Frost v. Ronne

113 Neb. 655 | Neb. | 1925

Redick, District Judge.

Action to foreclosure a mechanics’ lien on a 240-acre 'farm in Cass county, owned by Fred Ronne until his death April 18, 1921, when it passed to his heirs, who are made defendants. The Lincoln Joint Stock Land Bank and Nebraska State Bank held mortgages on the land, were made defendants, and filed cross-petitions praying establishment of the liens thereof prior to plaintiff’s alleged lien. Decree was rendered finding the mortgage of Lincoln Joint Stock Land Bank a first lien; a mechanic’s lien in favor of plaintiff for $978.87 second, and Nebraska State Bank mortgage third. The Ronne heirs and Nebraska State Bank appeal *656from decree allowing the mechanics’ lien, the validity of which is the only question presented.

Plaintiff alleges that it is a partnership engaged in the lumber business at Manley, Nebraska; that Fred Ronne was the owner of the lands upon which the improvements were made, and on March 9, 1920, plaintiff made an oral agreement with Fred Ronne to furnish materials for the construction of a hog house and for other materials for the improvement of said lands; that said materials were furnished between March 9, 1920, and April 18, 1921, in the amount of $903.35, and that a claim of lien therefor was duly filed August 12, 1921. These matters were put in issue by proper pleadings. The error assigned is that the decree is not supported, by the evidence, which requires a brief summary thereof. Plaintiff had no dealings directly with Fred Ronne, who lived in Weeping Water. The entire negotiations were with Frank Ronne, a son of Fred, who was in possession of the land as a tenant of his father at a cash rental. The existence of a contract with the owner as a basis for the lien, therefore, depends upon the alleged agency of Frank. The evidence claimed to establish such agency is the fact that Frank was the son of Fred; that he was a tenant of Fred’s farm, and that, when the arrangement was made and first materials bought, Frank told plaintiff that “he was going to build a hog house; that his father and him had talked it over,” and told plaintiff to charge the materials to him (Frank) and his father would pay him and he would pay plaintiff.

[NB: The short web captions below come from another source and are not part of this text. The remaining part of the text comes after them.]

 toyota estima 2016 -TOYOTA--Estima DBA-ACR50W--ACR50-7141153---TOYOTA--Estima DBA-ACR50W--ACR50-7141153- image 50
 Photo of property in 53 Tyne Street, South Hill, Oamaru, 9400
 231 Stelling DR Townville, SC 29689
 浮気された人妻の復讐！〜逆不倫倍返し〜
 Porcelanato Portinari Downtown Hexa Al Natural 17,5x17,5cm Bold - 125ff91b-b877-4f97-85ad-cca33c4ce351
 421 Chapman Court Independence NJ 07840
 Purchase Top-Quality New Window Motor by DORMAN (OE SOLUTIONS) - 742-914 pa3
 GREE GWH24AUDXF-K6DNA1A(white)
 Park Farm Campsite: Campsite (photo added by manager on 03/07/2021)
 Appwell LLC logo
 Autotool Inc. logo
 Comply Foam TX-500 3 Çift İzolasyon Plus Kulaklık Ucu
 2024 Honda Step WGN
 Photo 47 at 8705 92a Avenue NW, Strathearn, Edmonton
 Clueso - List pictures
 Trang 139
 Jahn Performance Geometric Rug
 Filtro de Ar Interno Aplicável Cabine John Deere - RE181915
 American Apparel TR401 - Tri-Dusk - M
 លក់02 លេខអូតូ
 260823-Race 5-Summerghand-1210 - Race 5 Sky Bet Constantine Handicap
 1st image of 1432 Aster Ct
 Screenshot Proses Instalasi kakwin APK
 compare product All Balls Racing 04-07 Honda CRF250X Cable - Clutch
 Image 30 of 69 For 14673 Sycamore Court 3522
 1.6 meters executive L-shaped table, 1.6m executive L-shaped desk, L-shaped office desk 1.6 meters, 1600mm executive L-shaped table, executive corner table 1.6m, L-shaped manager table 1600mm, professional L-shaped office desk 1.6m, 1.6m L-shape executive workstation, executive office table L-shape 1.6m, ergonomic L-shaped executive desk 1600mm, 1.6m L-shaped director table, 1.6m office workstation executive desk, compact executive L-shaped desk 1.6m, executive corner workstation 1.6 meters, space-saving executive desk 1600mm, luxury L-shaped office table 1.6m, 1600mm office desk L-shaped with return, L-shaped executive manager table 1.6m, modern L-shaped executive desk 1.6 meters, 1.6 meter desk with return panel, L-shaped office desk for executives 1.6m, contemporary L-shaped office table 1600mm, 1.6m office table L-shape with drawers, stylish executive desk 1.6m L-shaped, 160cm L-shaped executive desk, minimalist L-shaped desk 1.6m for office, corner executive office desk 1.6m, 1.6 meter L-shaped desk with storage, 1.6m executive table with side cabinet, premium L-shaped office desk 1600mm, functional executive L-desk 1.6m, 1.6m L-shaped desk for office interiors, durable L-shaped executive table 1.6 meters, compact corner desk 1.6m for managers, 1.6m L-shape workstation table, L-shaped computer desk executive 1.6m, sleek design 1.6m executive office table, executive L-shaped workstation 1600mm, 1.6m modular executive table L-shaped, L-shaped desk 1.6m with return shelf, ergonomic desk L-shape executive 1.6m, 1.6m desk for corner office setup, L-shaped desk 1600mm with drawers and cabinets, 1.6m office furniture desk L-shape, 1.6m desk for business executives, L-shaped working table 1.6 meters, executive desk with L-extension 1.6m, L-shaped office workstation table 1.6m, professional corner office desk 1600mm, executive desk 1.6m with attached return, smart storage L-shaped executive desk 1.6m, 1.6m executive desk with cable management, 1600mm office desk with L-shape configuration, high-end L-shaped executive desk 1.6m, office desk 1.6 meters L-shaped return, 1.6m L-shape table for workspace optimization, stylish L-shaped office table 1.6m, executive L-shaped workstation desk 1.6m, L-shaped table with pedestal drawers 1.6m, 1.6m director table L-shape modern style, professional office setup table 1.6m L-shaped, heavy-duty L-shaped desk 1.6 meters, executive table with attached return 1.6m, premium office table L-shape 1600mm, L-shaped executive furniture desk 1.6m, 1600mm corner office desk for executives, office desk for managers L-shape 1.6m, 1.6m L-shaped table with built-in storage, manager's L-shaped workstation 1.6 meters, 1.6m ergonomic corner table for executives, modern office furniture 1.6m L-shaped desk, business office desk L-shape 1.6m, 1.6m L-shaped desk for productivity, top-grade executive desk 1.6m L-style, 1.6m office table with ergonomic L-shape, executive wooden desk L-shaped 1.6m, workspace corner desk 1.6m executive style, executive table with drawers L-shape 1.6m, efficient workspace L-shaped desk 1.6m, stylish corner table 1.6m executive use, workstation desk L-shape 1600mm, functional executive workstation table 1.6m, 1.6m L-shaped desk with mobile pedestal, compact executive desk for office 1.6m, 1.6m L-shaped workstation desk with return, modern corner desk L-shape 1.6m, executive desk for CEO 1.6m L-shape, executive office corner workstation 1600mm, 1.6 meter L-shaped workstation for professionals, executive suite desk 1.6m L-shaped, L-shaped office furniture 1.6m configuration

Frank, called as a witness for plaintiff, denied the statements attributed to him. But, assuming plaintiff’s evidence to be true in every particular, it is clearly insufficient to establish agency. Frank as a tenant had no authority to incumber the land for improvements. Waterman v. Stout, 38 Neb. 396; Moore v. Vaughn, 42 Neb. 696. As a son of Fred Ronne he had no implied authority. No circumstances are shown in the evidence authorizing such implication. The son was not living with the father as a member of his family. The father lived in a distant city, though in the *657same county, and is not shown to have had any knowledge that the hog house was being built. There is no evidence of holding out one as agent. The supposed principal is not connected with the transaction except by the alleged declarations of the agent. On the contrary, it appears that Frank had dealt with plaintiff on his own account for two or three years; that the materials in question were charged to Frank; that the death of the father occurred about a month after the first bill was bought'; that plaintiff took Frank’s note for $650 about November, 1921, and subsequently renewed' it; that plaintiff never demanded payment from Fred Ronne nor the estate until August, 1921, some 15 months after his death. There is nothing to show what materials went into the hog house and what for other improvements. The proof of agency rests entirely upon the declarations of the alleged agent, when not under oath, which are not competent for that purpose. Farmers Cooperative Shipping Ass’n v. Adams Grain Co., 84 Neb. 752; Fitzgerald v. Kimball Bros., 76 Neb. 236. When called as a witness, he denied making such declarations. The distinction between evidence of the declarations of the supposed agent, not under oath, and his testimony upon the trial, as proof of the fact of agency, is pointed out in George v. Leypoldt & Pennington, 108 Neb. 395. Other questions are discussed in the briefs; but, in view of our conclusion above stated, it is not necessary to decide them.

Decree of district court reversed and cause remanded, with instructions to dismiss plaintiff’s action at its cost, in all other respects, the decree is affirmed.

Affirmed in part, and reversed in part.